The National Museum of the Pacific War is located in the little town of Fredericksburg, Texas. We had been talking about going since we moved here and finally made it a couple weeks ago. We hear so much about WWII, but it’s all about the European front and not so much about the Pacific side. We are a Marine Corps family and we’ve lived in Okinawa, so it’s a given that we would be interested in the events of the Pacific. Fredericksburg is the birthplace of Admiral Chester Nimitz. Nimitz was the Commander in Chief of the Pacific Command during WWII, which explains the location.

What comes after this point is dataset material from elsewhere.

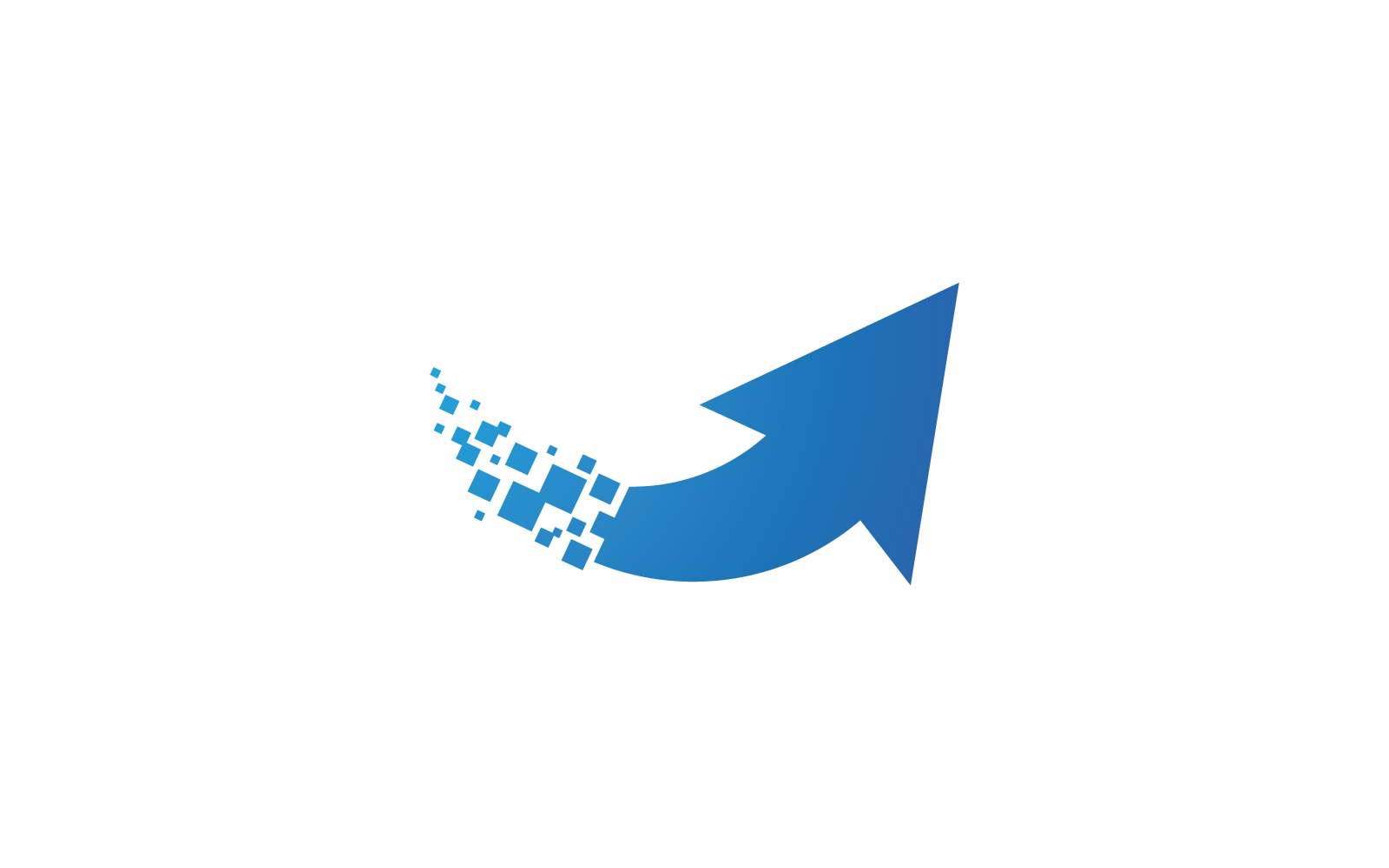 Pixel arrow technology logo illustration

The museum is actually 3 separate areas, covering 6 acres in downtown Fredericksburg. The entire complex consists of the Admiral Nimitz Museum, the George H.W. Bush Gallery, the Pacific Combat Zone, the Plaza of the Presidents, the Memorial Courtyard, and the Japanese Garden of Peace. There is so much to see that tickets are good for 48 hours.
The Admiral Nimitz Museum is housed in the old Nimitz Hotel. The hotel was opened by the grandfather of Nimitz in 1852. IN 1971, the Admiral Nimitz Foundation was started to provide funding for the museum and the hotel was restored. The museum now walks you through a brief of history of Fredericksburg, Nimitz’s family as the immigrated and settled, and then his life from birth, his marriage, and through the ranks in the Navy.

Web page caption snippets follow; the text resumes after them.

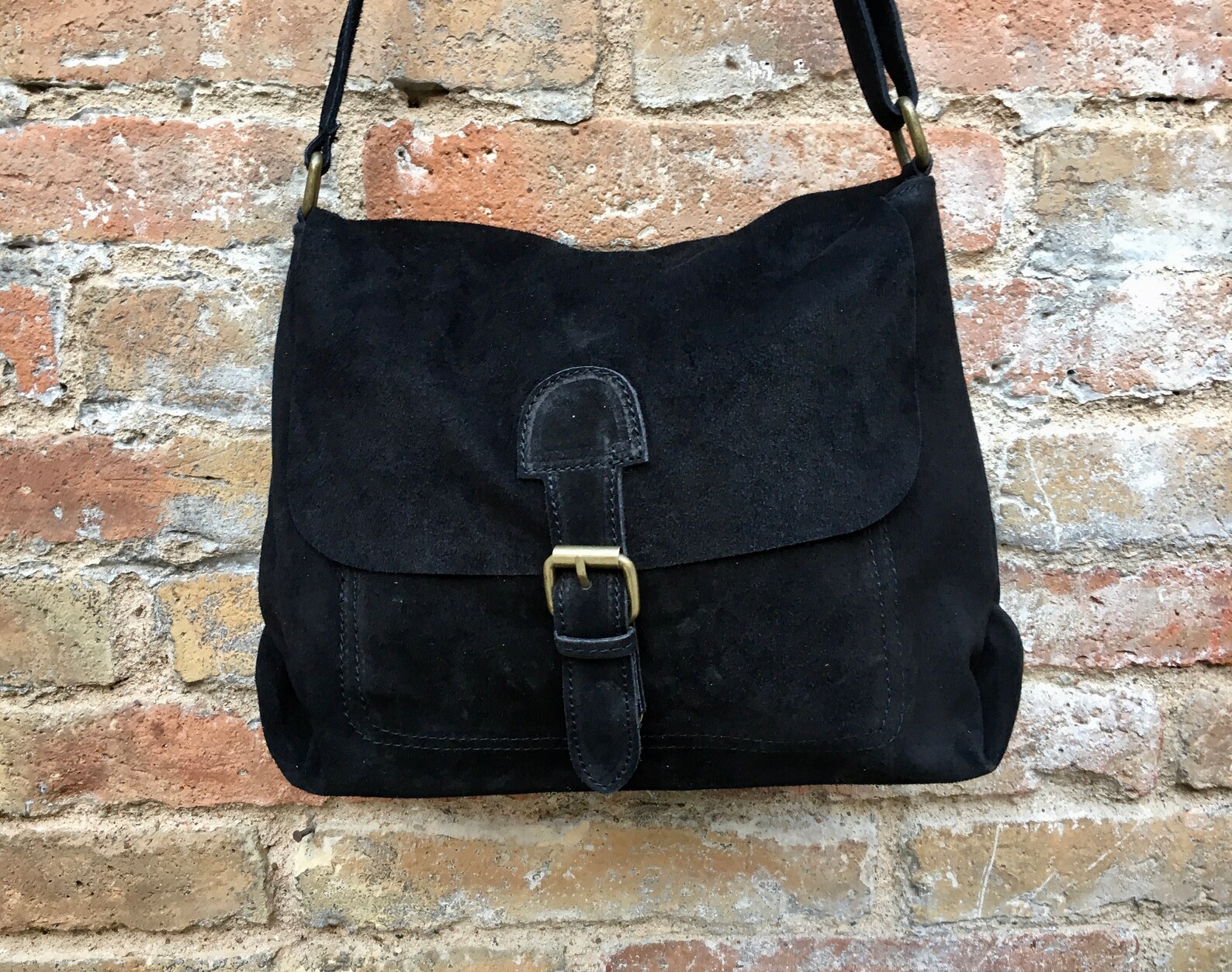 Leather Bag in Black. Boho Messenger Bag Suede.genuine Leather Etsy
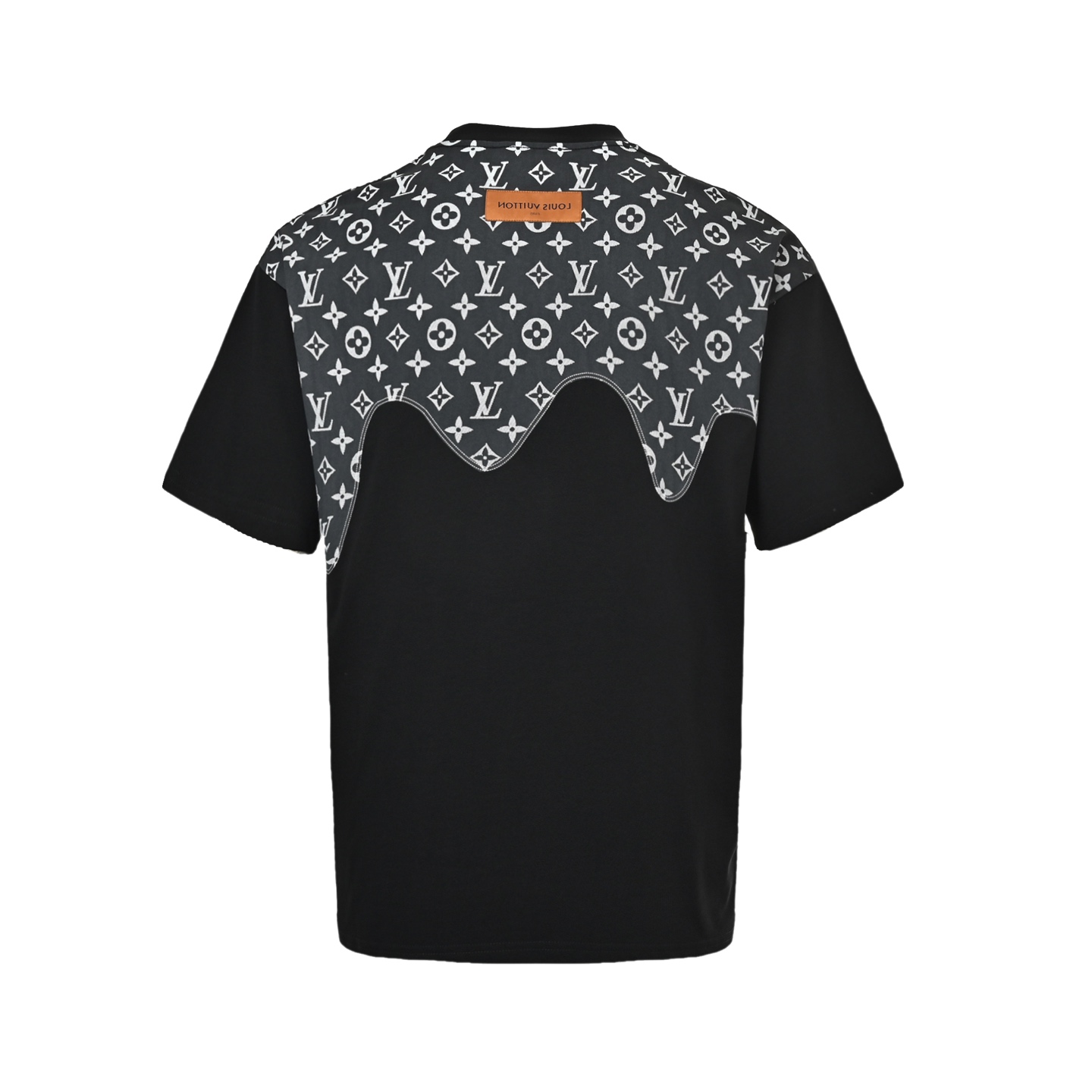 Louis Vuitton/路易威登 25ss 老花拼接印花短袖 夏季新款 老花牛仔贴布圆领短袖T恤 黑色 白色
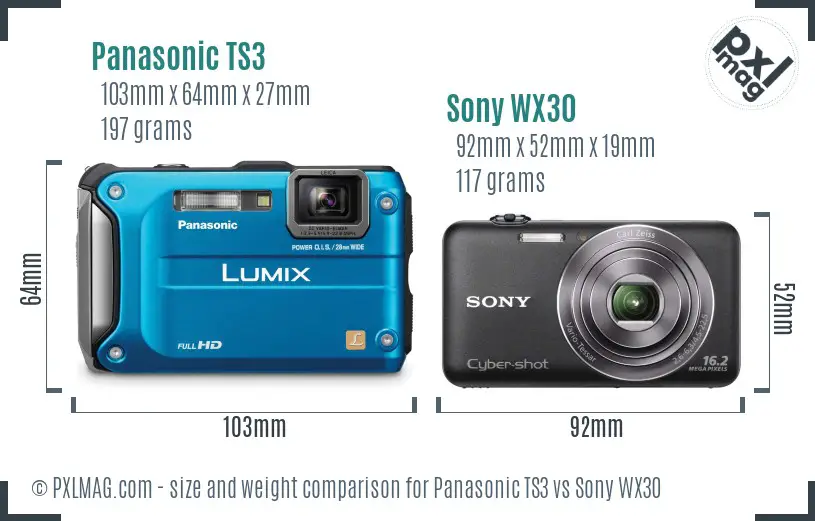 Panasonic TS3 vs Sony WX30 size comparison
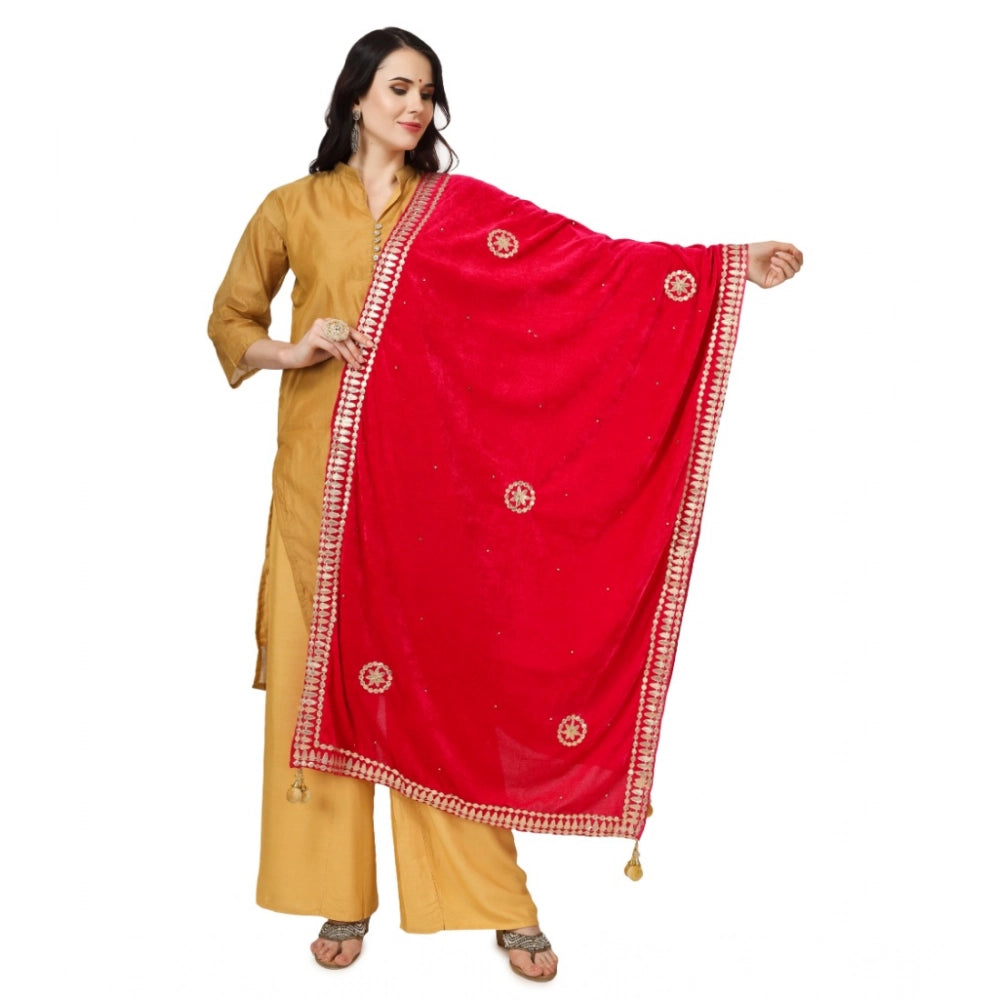 Generic Women's Velvet Gotta Patti Dupatta (Pink, Length: 2.25 to 2.50 Mtr) Main image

When you leave the Admiral Nimitz Museum, you walk towards the Memorial Courtyard. The walls of the courtyard are lined with memorials to those who served in the Pacific during WWII. The Japanese Garden is off the courtyard, but it was closed and being renovated, which I was extremely sad about. I love a good Japanese garden! On the other side of the courtyard is the Plaza of the Presidents. The plaza is a tribute to the 10 U.S. Presidents that served during WWII: Franklin D. Roosevelt (Commander in Chief), Harry S Truman (Commander in Chief), General of the Army Dwight D. Eisenhower, John F. Kennedy (Navy), Lyndon B. Johnson (Navy), Richard Nixon (Navy), Gerald Ford (Navy), Jimmy Carter (Navy), Ronald Reagan (Army) and George H. W. Bush (Navy).

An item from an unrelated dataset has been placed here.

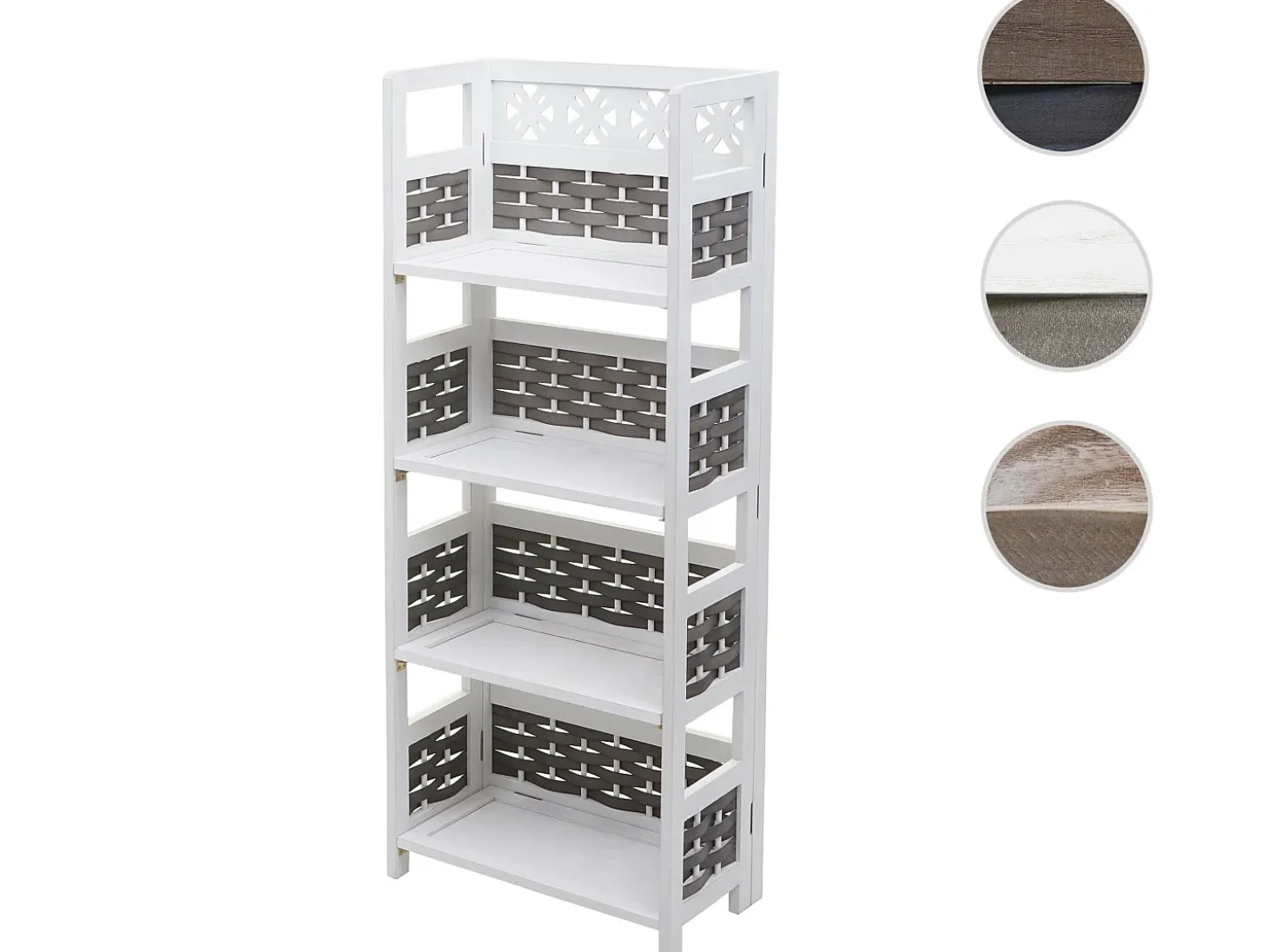 Estantería MCW-K86, blanco, mimbre gris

The George H.W. Bush Gallery is where the actual WWII part of the museum is. There are audio tours if you like or you can just walk through and read everything. The museum is very indepth. There are lots of displays and short videos. It’s set up in chronological order and let’s you know what year you are in, as well as the location. The war hopped around various islands, so this was nice to have it so nicely organized. There was one part that might bother some vets. A brief history of the 50 years or so before WWII and our relationship with Japan and China was shown, along with the events leading up to the attack on Pearl Harbor. You are then showed in to another room (I thought it was going to be a film) with displays and a huge submarine. The lights go down and the attack on Pearl Harbor started. I could see it being a bit unsettling for some. It did bring up lots of good questions from the kids, which I gladly answered. It’s not easy to explain war and it’s effects, like PTSD and why their dad is the way he is, so I take any opportunity I can to explain. The museum was well put together though. It was long and I could see it taking forever to get through, which explains the tickets being good for 2 days.
We didn’t make it to the Pacific Combat Zone. It was guided tours only and we just ran out of time. We’ll be back though! There’s a Bob Hope exhibit this summer. My son kinda has a thing about him since he went to Bob Hope Primary School in Okinawa.